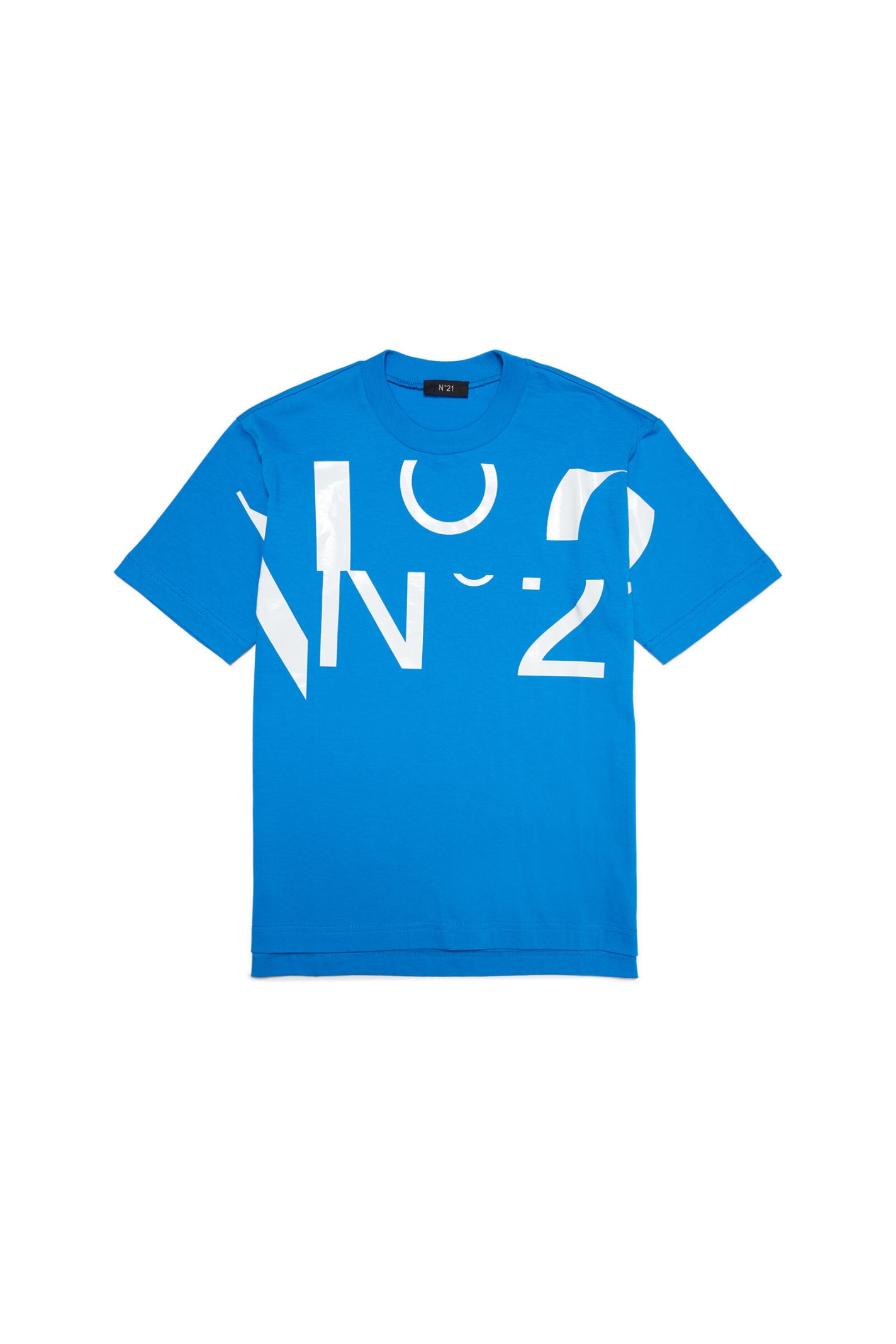 N°21 N21T172M OVER T-SHIRT N°21 LIGHT BLUE JERSEY T-SHIRT WITH SECTIONED LOGO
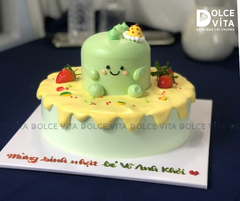 622 (100) Bánh tạo hình khủng long xanh lá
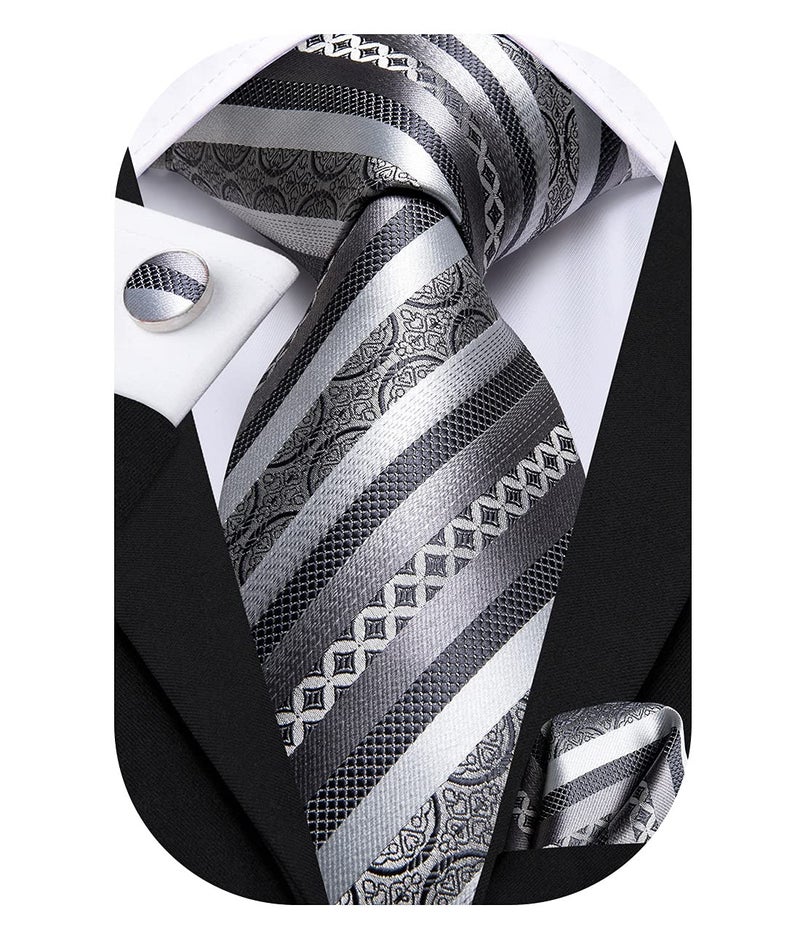 Hi-Tie Silk Ties for Men Plaid Paisley Striped Necktie Pocket Square Cufflinks Set Formal Business,Gray Silver - Image 1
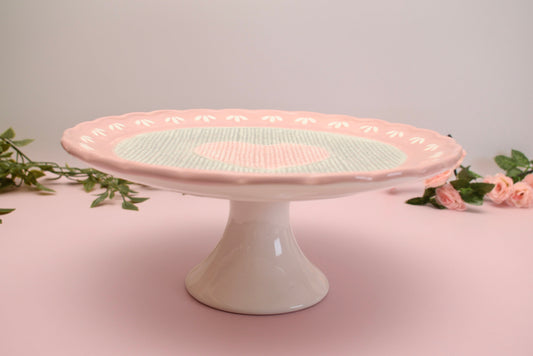 'Enchant' Pink Heart Cake Stand - Peppylittlethings.com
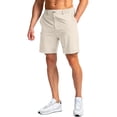 thumbnail image 3 of JoveMarine Men's Straight Leg Cargo Shorts with Zipper Pockets, Loose Fit Casual Work Shorts for Outdoor, Exercise and Daily Wear Beige L, 3 of 5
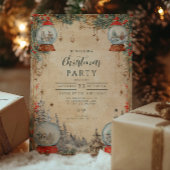 Vintage Snow Globe Christmas 招待状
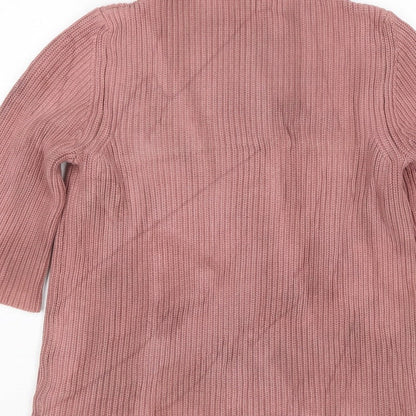 TOAST Women Pink M Rib Knit High Neck Flared Sleeve Tunic Jumper
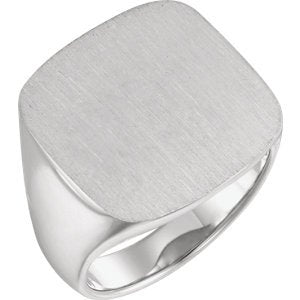 Men's Closed Back Signet Ring, Rhodium-Plated 10k White Gold (20mm)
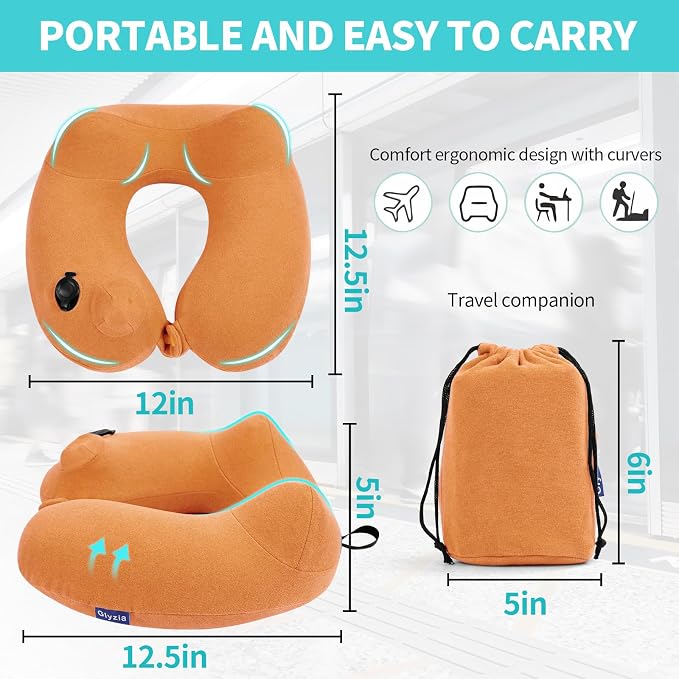 Inflatable Travel Neck Pillow for Airplane, Head Support Velvet Adult Neck - Image 2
==================================================
Please repeat every record exactly as it stands, leaving out any pictures.

 N°21 N21T172M OVER T-SHIRT N°21 LIGHT BLUE JERSEY T-SHIRT WITH SECTIONED LOGO
 622 (100) Bánh tạo hình khủng long xanh lá
 Hi-Tie Silk Ties for Men Plaid Paisley Striped Necktie Pocket Square Cufflinks Set Formal Business,Gray Silver - Image 1
 'Enchant' Pink Heart Cake Stand - Peppylittlethings.com
 thumbnail image 3 of JoveMarine Men's Straight Leg Cargo Shorts with Zipper Pockets, Loose Fit Casual Work Shorts for Outdoor, Exercise and Daily Wear Beige L, 3 of 5
 Vintage Snow Globe Christmas 招待状
 TOAST Women Pink M Rib Knit High Neck Flared Sleeve Tunic Jumper
 Men's Closed Back Signet Ring, Rhodium-Plated 10k White Gold (20mm)
 Inflatable Travel Neck Pillow for Airplane, Head Support Velvet Adult Neck - Image 2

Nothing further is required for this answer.